Generally, the debugging process starts when I notice the code is doing something that’s not what I expect. This can happen naturally while using the software or it can be the result of explicitly testing the code. I usually start out by looking for low-hanging fruit. Maybe I can think of a couple things that could concievably cause the the unexpected behavior, so I go check on those first. If I don’t have any luck, however, I start a more systematic approach…

The approach basically involves coming up with a series of assumptions about how code should work and then verifying those assumptions and digging into them when they’re violated. We’ll find a series of violated assumptions that form a sort of trail leading us to the root of the problem. The trail begins with whatever unfulfilled expectation led us start debugging in the first place. (“My code gives the wrong answer.”) How do we find the next step?

So, we have a function that’s producing a wrong answer, and that function has some inputs. Google image search provides this helpful illustration, where I guess “I” is “Input”:

functions have inputs and outputs

As far as I can recall, for all functions we write in our video series, the output follows deterministically from the input and are otherwise “pure” in the sense described here. If we run such a function a bunch of times with the same input, we’ll get the same output every time. Things become a bit tricker with code that uses random numbers or reachs out to the user or over the network for data or things like that. In our case, however, if the output is wrong, then either

one of the inputs is wrong, or
the logic in the function itself is wrong

Test each of those cases, starting with the inputs. For each input to the function, figure out what you think it should look like, and then check what it actually is when you run the program. A debugger can help to inspect the values of variables when a function runs, but print statements are a simple way to accomplish this as well. If one of the inputs is bad, move to the place where that input is being generated, i.e., to the function that called this one. The caller is another function that’s producing an unexpected result causing the problem in the current one. Repeat the process there.

On the other hand, if all the inputs are correct, then it’s the current function itself that is at fault. Work through it line by line, figuring out the values of all variables involved and verifying that they are as you expect. When one is not, that’s the smoking gun that indicates our root problem. Verifying individual functions line-by-line can be tricky. It helps a lot to follow good programming practice and break complicated tasks into small, easily-analyzable functions. Facility with a debugger is useful as well.

So that’s it. If we follow these steps, and our code satisfies our original assumptions re: pureness, this process should eventually lead to the root cause of unexpected behavior.

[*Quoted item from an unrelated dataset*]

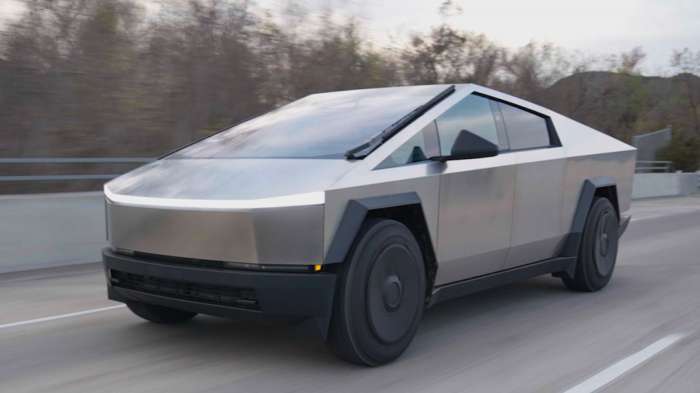 5η ανάκληση μέσα σε ένα χρόνο για το Tesla Cybertruck! 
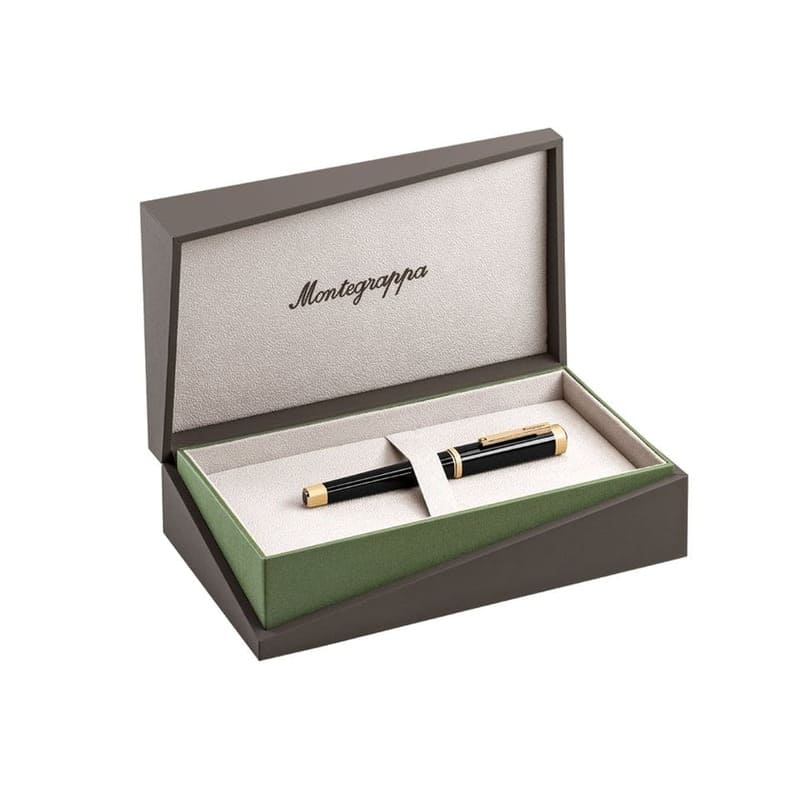 Caneta Tinteiro Quattro Gold IP - Ouro 14k Flex - Mercado de Luxo - O Maior E-Commerce de Bens, Produtos e Serviços de Luxo do Brasil.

Now, if you can’t figure out an issue, and you need to ask for help, the sort of information gleaned in this process is exactly the sort that somebody will need to help debug your problem. So (dear poker students), please provide all of the following info (in a nicely formatted way) if you need debugging help:

What function is giving a wrong answer, what is that answer, and what should the answer be?
For all inputs to the function:
1. what should the input be?
2. what is the input when you actually run the code?
If all the inputs are correct, then presumably the problem is in the current function. Please provide your code for that function.
If one of the inputs was not correct, then move to the function that produced that input and go back to 1.

glgl!